## AIM OF THE TASK
Only the lines below from the one containing "Processo a Di" through the one containing "Weisses Ross Hotel 3*" belong in the answer, set down exactly, with the pictures left out.

## PROVIDED INFORMATION
□ □ □ □ □ □ □

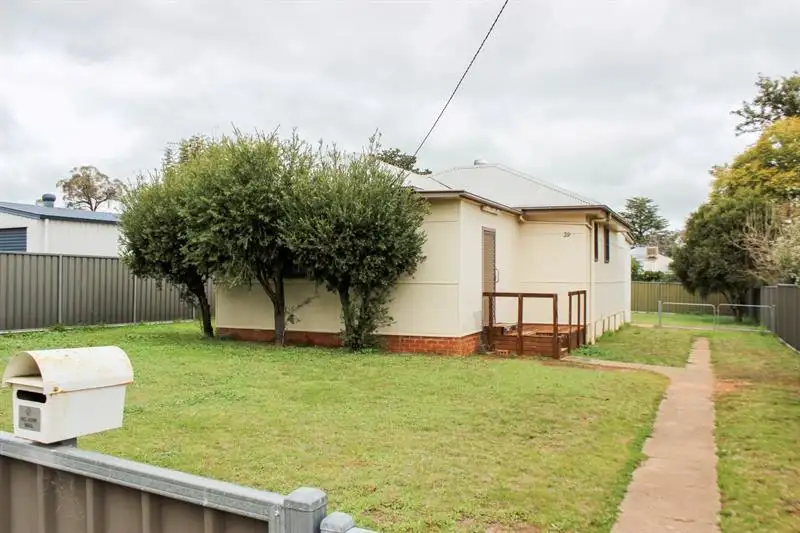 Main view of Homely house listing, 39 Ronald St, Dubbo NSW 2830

□ □ □ □ □ □ □

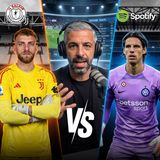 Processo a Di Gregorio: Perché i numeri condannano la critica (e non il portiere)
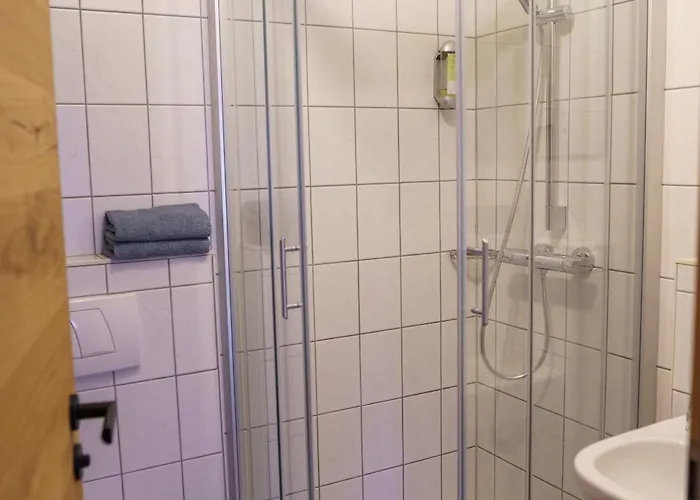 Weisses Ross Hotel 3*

□ □ □ □ □ □ □

## YOUR RESPONSE
 Processo a Di Gregorio: Perché i numeri condannano la critica (e non il portiere)
 Weisses Ross Hotel 3*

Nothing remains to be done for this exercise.